At the time name constraints were unusable because the NSA BULLRUN troll in
IETF had managed to get PKIX written so that name constraints MUST be
marked critical. Since that would have had a severe impact on a large
number of Apple devices that didn't understand name constraints at the
time, that was unacceptable.

We eventually fixed the problem by declaring the PKIX requirement to be
inapplicable.



> The point of having an intermediate is that it makes it possible to use the
>> path chain as part of the authorization mechanism.
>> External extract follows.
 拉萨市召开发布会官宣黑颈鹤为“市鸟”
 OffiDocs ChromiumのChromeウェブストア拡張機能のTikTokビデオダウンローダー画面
So for example, let us
>> say that you have chains:
>>
>> AliceCA -> BobCorpCA -> smtp.BobCorp.com  #1
>> AliceCA -> BobCorpCA -> smtp.BobCorp.com  #2
>> AliceCA -> BobCorpCA -> imap.BobCorp.com  #3
>>
>> An SMTP client could in theory be configured to require the TLS connection
>> to the mail servers to chain through BobCorpCA.
>>
>
> You are talking as if BobCorpCA were name-constrained. Which would be nice
> indeed. But not the case with the BlueCoat certificate.
>
> The constraints that matter are those that the relying party/UA applies at
> run-time.
>

If the customer doesn't have control of the signing key, the use of name
constraints isn't very important. It is a failsafe more than anything.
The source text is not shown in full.